August 24, 2014
My observation of rioters, admittedly from a distance and refracted through cameras, is that they enjoy rioting. Pride is not the only thing that goeth before destruction; human nature does too. I certainly know myself the pleasures of destruction, and knew them as a child: still when I dispose of my bottles in the bottle bank I am disappointed if a few of them do not break with a gratifying tinkle. When I am in a temper (which is not often these days), I know the momentary relief and pleasure that a broken window would bring me. But I have a duty not to relieve myself in this way; everyone does.
When the destructive urge is allied to a sense of purpose and righteousness, it is at its most dangerous, for then one denies that one is deriving pleasure from one’s actions”one is only doing what is right.

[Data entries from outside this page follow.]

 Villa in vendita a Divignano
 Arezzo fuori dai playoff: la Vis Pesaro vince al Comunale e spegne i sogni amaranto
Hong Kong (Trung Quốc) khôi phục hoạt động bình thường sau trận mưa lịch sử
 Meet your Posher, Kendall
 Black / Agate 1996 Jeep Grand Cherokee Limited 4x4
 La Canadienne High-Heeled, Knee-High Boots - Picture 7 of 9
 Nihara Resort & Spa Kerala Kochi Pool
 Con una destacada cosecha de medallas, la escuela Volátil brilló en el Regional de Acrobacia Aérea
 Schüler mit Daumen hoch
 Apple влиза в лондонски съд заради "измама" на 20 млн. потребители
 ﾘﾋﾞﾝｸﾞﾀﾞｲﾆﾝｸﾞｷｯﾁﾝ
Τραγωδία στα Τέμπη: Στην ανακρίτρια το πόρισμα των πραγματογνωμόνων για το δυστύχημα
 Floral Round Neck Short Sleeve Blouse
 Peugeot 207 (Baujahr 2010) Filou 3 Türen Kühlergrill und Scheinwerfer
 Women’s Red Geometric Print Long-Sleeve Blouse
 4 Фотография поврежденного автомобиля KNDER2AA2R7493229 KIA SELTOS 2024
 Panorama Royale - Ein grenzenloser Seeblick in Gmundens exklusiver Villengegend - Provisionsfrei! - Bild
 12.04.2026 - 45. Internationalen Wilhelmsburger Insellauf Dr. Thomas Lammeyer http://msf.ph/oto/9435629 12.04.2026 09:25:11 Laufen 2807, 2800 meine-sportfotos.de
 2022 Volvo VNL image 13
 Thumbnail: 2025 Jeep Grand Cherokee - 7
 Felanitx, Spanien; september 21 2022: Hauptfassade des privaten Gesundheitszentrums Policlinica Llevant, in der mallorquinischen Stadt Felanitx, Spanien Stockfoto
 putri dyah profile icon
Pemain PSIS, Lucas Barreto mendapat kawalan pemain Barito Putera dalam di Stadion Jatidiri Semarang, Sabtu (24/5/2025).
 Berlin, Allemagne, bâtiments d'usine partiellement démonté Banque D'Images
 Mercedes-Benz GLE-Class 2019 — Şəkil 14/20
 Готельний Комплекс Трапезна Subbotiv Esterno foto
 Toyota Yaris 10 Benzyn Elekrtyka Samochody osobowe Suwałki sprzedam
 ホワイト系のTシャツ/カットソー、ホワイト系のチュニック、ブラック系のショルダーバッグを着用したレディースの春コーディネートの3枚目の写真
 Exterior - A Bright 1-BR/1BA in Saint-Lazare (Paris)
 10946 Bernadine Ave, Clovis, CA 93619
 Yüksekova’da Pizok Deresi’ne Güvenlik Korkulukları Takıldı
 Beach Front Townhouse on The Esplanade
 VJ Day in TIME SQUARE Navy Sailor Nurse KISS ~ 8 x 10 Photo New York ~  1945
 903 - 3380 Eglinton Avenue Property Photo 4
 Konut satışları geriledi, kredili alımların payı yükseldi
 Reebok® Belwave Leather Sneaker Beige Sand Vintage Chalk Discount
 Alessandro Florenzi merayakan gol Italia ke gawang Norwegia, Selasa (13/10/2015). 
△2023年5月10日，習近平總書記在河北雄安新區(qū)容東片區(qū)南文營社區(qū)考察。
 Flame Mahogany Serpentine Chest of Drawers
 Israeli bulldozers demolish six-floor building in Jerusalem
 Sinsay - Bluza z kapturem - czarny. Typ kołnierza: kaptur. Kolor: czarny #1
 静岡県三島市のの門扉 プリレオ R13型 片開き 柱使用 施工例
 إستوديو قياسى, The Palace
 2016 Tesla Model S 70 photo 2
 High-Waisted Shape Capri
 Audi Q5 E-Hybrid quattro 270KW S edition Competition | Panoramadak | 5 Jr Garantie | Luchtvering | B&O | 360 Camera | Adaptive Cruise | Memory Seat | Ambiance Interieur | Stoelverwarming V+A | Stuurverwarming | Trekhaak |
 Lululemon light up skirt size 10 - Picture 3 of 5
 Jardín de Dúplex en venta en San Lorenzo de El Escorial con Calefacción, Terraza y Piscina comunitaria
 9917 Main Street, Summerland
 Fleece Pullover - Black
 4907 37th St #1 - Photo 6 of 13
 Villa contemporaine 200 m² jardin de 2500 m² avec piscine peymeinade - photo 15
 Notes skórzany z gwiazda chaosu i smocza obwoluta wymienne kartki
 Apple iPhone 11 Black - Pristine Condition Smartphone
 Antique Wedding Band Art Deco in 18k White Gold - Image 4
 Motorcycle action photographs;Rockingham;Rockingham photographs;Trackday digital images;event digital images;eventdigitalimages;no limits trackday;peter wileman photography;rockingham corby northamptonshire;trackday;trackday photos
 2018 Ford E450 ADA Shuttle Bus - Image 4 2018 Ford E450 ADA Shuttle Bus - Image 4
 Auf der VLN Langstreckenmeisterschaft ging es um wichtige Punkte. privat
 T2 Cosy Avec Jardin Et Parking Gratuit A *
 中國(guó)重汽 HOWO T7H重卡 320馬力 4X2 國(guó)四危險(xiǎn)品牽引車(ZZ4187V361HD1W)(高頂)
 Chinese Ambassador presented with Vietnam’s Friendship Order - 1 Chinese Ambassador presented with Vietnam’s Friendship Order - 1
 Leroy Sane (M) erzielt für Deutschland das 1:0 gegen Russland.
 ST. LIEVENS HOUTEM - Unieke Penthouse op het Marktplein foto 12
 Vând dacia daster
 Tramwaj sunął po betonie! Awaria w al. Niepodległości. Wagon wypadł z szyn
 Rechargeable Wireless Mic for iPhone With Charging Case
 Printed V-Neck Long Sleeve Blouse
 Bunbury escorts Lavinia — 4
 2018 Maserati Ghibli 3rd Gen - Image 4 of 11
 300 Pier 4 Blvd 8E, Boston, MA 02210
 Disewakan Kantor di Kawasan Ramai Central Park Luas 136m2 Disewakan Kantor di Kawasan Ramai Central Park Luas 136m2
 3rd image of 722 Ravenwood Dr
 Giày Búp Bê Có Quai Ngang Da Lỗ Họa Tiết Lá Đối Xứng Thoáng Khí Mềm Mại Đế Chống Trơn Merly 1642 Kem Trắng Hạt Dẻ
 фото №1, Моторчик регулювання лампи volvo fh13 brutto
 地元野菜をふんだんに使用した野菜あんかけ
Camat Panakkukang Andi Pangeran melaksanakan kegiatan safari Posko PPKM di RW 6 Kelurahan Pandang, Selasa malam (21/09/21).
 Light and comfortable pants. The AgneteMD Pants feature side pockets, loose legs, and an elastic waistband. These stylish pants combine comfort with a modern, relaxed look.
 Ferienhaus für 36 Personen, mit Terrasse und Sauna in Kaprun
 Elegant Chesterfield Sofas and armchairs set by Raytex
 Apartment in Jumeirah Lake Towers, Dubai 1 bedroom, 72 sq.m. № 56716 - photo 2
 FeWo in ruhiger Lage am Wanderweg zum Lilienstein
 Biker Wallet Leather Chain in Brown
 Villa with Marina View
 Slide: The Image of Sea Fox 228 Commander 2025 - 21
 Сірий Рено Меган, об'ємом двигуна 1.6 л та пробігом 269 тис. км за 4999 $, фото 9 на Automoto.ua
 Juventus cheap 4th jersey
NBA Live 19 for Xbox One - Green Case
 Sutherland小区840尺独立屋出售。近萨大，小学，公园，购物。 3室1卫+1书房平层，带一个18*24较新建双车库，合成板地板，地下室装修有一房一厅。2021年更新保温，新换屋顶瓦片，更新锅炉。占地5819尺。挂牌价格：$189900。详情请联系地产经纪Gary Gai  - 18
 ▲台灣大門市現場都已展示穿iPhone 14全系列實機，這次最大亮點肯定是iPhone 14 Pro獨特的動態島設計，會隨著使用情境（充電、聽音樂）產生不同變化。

There is more that might be said about the violent protesters in Ferguson, as elsewhere. It is true, of course, that no one can be equally moved by all the injustices in the world; if such a person existed, his life would be one long protest against injustice and he would have no time for the enjoyment of the ordinary things of life. The best way to be a bore, said Voltaire, is to say everything; and the second best way would be to protest about everything. But still one has a duty to keep one’s wrath in bounds.
I am not against protest as such. But where someone’s protest against one thing is very much greater than against another that is equally near and in aggregate as serious, one may suspect his dishonesty or bad faith. It is true, of course, that a killing by an agent of the state is particularly heinous, especially if part of a pattern, but it is not infinitely serious by comparison with other killings, nor is it the only serious killing. Though Ferguson is not a particularly violent town (its rate of crimes of violence is about average for that of the United States), five people were murdered there in 2011 without arousing the kind of agitation that has captured, and perhaps even captivated, the attention of the world for the last few days. There are places near Ferguson where the violent crime rate is four times higher than in Ferguson, but there has never been a protest of the same order against the depredations of criminals there.
I try to imagine what it would take to make me throw bricks through windows, ransack buildings, and so forth. Having myself suffered only minor injustices and been responsible for my own failures in life, it takes a special effort of the imagination. But even after I have made that effort, I still cannot see a logical or justifiable connection between protest at injustice and looting a store.